Can you help refactor the Local Notebook code, to show them how to use SageMaker effectively?

## Getting Started

First, check you can run the [Local Notebook.ipynb](Local%20Notebook.ipynb) notebook through - reviewing what steps it takes.

This notebook sets out a structure you can use to migrate code into, and lists out some of the changes you'll need to make at a high level. You can either work directly in here, or duplicate this notebook so you still have an unchanged copy of the original.

Try to work through the sections first with an MVP goal in mind (fitting the model to data in S3 via a SageMaker Training Job, and deploying/using the model through a SageMaker Endpoint). The goal is to understand the big picture on how you can bring your own code to SageMaker and scale your training and deploy. You can always build more advanced models or more complex training code.

## SKLearn "script mode" training and serving

SageMaker provides [pre-built container images](https://docs.aws.amazon.com/sagemaker/latest/dg/docker-containers-prebuilt.html) for a range of ML frameworks, including Scikit-Learn, which allow you to bring custom models without worrying about building and maintaining your own container images or serving stacks: You can even install extra libraries by [providing a requirements.txt file](https://sagemaker.readthedocs.io/en/stable/frameworks/sklearn/using_sklearn.html#using-third-party-libraries) if you want.

This pattern is sometimes called "framework mode" or ["script mode"](https://aws.amazon.com/blogs/machine-learning/bring-your-own-model-with-amazon-sagemaker-script-mode/) - separate from building fully-custom containers or using the pre-built algorithms.
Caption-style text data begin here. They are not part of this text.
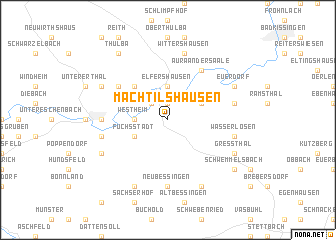 map of Machtilshausen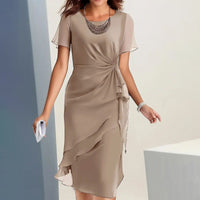 Velia - Stilvolles Freizeitkleid – Khaki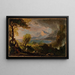 Le Cours de l'Empire, l'État Sauvage - Thomas Cole — kehystetty taideteos seinällä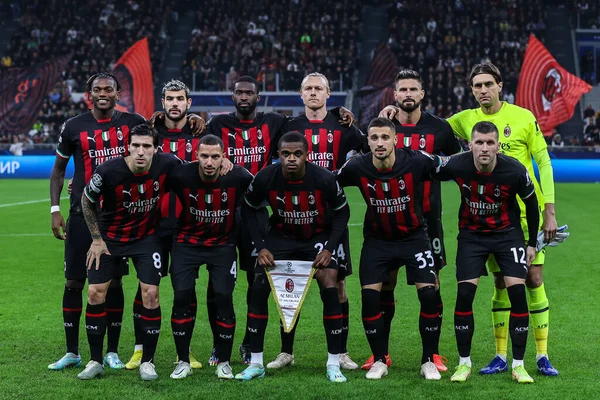 Milan Takımı Uefa Şampiyonlar Ligi 2022 Grup Sahnesi Grup Futbol — Stok fotoğraf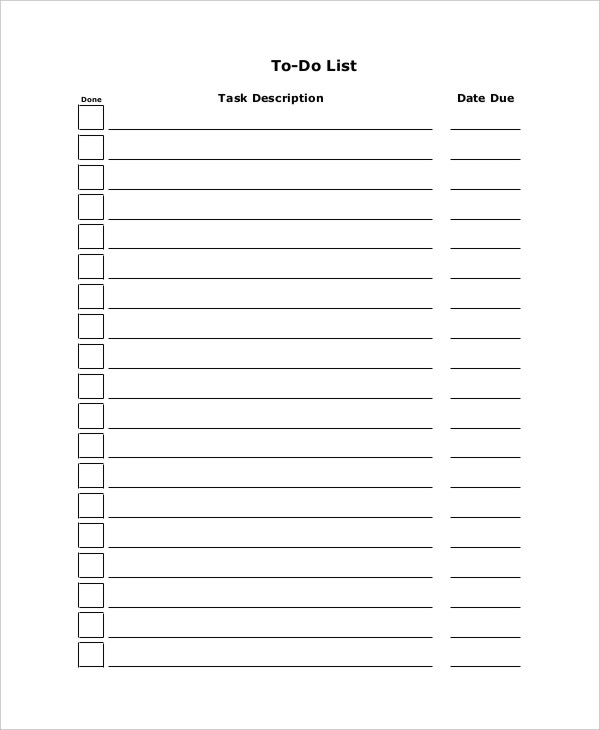 Holiday to Do List Templates - 6+ Free Word, PDF Format Download!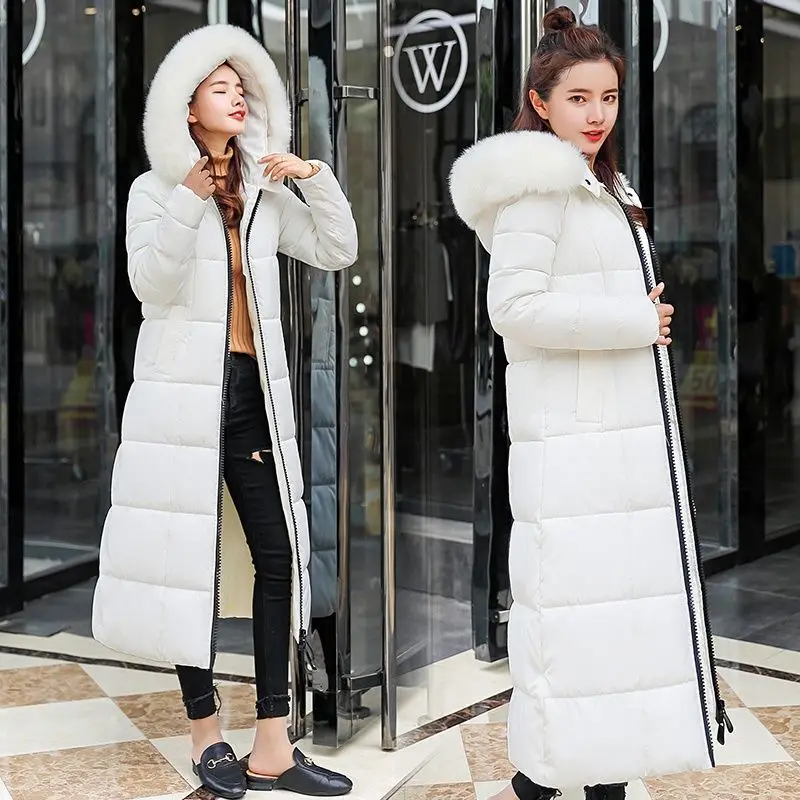 Woman Cotton Padded Jacket Winter Female Warm Coats Zipper Ladies Solid Hooded Collar Long Parkas Loose Bread Outerwear G342 
Woman Cotton Padded Jacket Winter Female Warm Coats Zipper Ladies Solid Hooded Collar Long Parkas Loose Bread Outerwear G342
The [SageMaker Python SDK](https://github.com/aws/sagemaker-python-sdk) handles transferring your script to a SageMaker training instance. On the training instance, SageMaker's native SKlearn support sets up training-related environment variables and executes your training script. Script mode supports training with a Python script, a Python module, or a shell script.

## Dependencies
Listing all our imports at the start helps to keep the requirements to run any script/file transparent up-front, and is specified by nearly every style guide including Python's official [PEP 8](https://peps.python.org/pep-0008/#imports)

In [None]:
%load_ext autoreload
%autoreload 2

# Python Built-Ins:
import os

# External Dependencies:
import numpy as np
import pandas as pd
from sklearn.model_selection import train_test_split

# TODO: What else will you need?
# Have a look at the documentation: https://sagemaker.readthedocs.io/en/stable/frameworks/sklearn/sagemaker.sklearn.html
# to see which libraries need to be imported to use sagemaker and the Sklearn estimator estimator


## Prepare the Data

Initial data preparation will be similar to what we did in the [Local Notebook.ipynb](Local%20Notebook.ipynb).

In [None]:
# TODO: download the data from internet


In [None]:
# TODO: Read in the data with the headers


In [None]:
# TODO: Split the data into train and test


## Set up the environment: Execution Role, Session and S3 Bucket
Now that we have downloaded and reduced the data in the local directory, we will need to upload it to Amazon S3 to make it available for Amazon Sagemaker training.

Let's start by specifying:

- The S3 bucket and prefix that you want to use for training and model data. This should be within the same region as the Notebook Instance, training, and hosting. If you don't specify a bucket, SageMaker SDK will create a default bucket following a pre-defined naming convention in the same region.

- The IAM role ARN used to give SageMaker access to your data. It can be fetched using the `get_execution_role()` method from sagemaker python SDK.

In [None]:
# TODO: This is where you can setup execution role, session and S3 bucket.

# Define sagemaker session

# Fetch samemaker execution role

# Fetch the default bucket


## Upload Data to Amazon S3

Next is the part where you need to upload the images to Amazon S3 for SageMaker training.

Modern versions of Pandas should support saving to S3 directly with `dataframe.to_csv("s3://{bucket_name}/{file_path}")`

Alternatively, you can refer to the previous exercises for examples copying files between S3 and local storage using the aws s3 sync CLI command or using the boto3 SDK.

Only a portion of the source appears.